### Work required
Within the listing below, the lines to output run from the one containing "2 bedrooms: Modern" through the one containing "Photo #8: 518"; copy them exactly and nothing else.

** Record excerpts follows **

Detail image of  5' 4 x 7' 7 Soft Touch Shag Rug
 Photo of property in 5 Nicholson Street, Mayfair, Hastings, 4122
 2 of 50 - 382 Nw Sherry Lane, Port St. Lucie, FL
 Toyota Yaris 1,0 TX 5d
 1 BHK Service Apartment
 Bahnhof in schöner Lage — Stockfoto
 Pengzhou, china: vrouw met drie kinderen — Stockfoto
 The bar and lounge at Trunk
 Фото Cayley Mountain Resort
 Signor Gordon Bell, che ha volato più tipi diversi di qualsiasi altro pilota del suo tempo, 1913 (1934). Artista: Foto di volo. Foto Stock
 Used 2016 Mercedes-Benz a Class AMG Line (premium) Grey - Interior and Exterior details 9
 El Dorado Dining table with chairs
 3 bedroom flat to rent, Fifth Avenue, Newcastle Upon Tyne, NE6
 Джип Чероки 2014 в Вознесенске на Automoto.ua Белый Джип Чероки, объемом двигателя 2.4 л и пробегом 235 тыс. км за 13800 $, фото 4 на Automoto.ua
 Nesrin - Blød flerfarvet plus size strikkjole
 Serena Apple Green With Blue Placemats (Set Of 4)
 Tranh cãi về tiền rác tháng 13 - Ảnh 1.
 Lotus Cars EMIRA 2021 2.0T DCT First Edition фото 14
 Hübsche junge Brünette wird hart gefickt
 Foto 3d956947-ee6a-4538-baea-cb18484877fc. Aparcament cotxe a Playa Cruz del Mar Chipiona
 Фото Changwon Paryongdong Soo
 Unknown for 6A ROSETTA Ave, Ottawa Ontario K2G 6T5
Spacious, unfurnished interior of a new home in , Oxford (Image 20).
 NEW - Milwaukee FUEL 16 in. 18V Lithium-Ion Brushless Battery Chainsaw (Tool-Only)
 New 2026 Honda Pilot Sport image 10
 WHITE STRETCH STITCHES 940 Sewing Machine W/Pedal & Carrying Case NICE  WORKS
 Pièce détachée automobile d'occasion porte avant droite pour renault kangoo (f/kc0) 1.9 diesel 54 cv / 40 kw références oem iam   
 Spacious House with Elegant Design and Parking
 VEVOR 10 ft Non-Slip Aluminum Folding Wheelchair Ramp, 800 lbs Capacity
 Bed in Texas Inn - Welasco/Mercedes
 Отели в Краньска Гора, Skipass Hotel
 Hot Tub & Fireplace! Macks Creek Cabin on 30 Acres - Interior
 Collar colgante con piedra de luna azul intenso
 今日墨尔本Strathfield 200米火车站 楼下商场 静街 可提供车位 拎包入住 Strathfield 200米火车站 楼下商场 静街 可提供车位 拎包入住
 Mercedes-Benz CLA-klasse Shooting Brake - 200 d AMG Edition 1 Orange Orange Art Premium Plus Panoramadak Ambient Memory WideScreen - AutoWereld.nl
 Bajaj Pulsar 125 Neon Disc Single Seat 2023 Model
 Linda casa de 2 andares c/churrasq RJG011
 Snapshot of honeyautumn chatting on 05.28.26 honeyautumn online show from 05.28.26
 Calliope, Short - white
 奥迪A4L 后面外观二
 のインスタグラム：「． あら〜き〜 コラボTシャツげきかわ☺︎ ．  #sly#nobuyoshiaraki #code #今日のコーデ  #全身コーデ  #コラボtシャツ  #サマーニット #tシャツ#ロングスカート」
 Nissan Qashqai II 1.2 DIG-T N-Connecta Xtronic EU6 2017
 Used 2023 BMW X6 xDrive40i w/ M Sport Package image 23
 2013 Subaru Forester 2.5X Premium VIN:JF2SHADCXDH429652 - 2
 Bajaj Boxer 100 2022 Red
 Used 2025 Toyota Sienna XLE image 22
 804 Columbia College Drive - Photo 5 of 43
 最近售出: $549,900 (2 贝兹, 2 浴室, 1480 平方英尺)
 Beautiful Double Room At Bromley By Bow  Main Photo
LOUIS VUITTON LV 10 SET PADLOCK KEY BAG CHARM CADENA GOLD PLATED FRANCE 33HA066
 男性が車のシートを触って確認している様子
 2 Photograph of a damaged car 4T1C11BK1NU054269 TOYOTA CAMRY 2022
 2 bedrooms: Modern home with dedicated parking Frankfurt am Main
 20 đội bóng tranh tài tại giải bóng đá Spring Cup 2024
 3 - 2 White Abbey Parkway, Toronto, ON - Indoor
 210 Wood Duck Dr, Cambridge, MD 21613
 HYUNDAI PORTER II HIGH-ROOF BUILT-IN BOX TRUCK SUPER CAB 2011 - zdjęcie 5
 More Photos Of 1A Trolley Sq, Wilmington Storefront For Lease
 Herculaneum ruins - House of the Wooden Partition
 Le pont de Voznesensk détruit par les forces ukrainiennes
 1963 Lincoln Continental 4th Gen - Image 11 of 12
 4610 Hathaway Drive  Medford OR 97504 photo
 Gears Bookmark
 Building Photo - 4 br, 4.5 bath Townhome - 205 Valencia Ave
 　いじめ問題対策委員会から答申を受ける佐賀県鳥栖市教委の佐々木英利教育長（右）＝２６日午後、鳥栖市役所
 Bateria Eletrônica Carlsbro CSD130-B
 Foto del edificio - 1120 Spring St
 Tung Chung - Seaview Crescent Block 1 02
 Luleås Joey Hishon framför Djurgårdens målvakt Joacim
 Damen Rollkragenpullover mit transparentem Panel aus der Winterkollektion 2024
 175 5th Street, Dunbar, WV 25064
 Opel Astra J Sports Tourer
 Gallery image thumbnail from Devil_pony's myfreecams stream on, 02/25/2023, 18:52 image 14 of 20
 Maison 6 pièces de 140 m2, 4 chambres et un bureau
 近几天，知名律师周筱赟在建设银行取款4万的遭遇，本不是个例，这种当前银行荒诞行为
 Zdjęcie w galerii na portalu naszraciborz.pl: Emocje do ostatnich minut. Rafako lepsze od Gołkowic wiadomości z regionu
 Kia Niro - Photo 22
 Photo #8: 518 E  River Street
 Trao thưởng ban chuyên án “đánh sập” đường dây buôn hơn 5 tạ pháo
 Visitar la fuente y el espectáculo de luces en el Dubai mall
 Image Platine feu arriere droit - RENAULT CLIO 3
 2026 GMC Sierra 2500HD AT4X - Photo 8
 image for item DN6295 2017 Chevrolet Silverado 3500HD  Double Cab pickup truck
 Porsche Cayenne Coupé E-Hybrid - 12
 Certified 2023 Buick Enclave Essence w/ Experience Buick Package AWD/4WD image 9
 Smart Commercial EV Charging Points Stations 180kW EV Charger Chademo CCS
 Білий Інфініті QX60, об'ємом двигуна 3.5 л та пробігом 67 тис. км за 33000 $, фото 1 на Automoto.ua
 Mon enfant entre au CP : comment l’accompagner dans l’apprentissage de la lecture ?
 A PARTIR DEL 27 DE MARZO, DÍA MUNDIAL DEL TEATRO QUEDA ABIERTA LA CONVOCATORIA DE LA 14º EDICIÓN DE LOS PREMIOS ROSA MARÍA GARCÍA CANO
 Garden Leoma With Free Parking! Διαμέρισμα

** End of Record excerpts **

### Answer below
 2 bedrooms: Modern home with dedicated parking Frankfurt am Main
 20 đội bóng tranh tài tại giải bóng đá Spring Cup 2024
 3 - 2 White Abbey Parkway, Toronto, ON - Indoor
 210 Wood Duck Dr, Cambridge, MD 21613
 HYUNDAI PORTER II HIGH-ROOF BUILT-IN BOX TRUCK SUPER CAB 2011 - zdjęcie 5
 More Photos Of 1A Trolley Sq, Wilmington Storefront For Lease
 Herculaneum ruins - House of the Wooden Partition
 Le pont de Voznesensk détruit par les forces ukrainiennes
 1963 Lincoln Continental 4th Gen - Image 11 of 12
 4610 Hathaway Drive  Medford OR 97504 photo
 Gears Bookmark
 Building Photo - 4 br, 4.5 bath Townhome - 205 Valencia Ave
 　いじめ問題対策委員会から答申を受ける佐賀県鳥栖市教委の佐々木英利教育長（右）＝２６日午後、鳥栖市役所
 Bateria Eletrônica Carlsbro CSD130-B
 Foto del edificio - 1120 Spring St
 Tung Chung - Seaview Crescent Block 1 02
 Luleås Joey Hishon framför Djurgårdens målvakt Joacim
 Damen Rollkragenpullover mit transparentem Panel aus der Winterkollektion 2024
 175 5th Street, Dunbar, WV 25064
 Opel Astra J Sports Tourer
 Gallery image thumbnail from Devil_pony's myfreecams stream on, 02/25/2023, 18:52 image 14 of 20
 Maison 6 pièces de 140 m2, 4 chambres et un bureau
 近几天，知名律师周筱赟在建设银行取款4万的遭遇，本不是个例，这种当前银行荒诞行为
 Zdjęcie w galerii na portalu naszraciborz.pl: Emocje do ostatnich minut. Rafako lepsze od Gołkowic wiadomości z regionu
 Kia Niro - Photo 22
 Photo #8: 518 E  River Street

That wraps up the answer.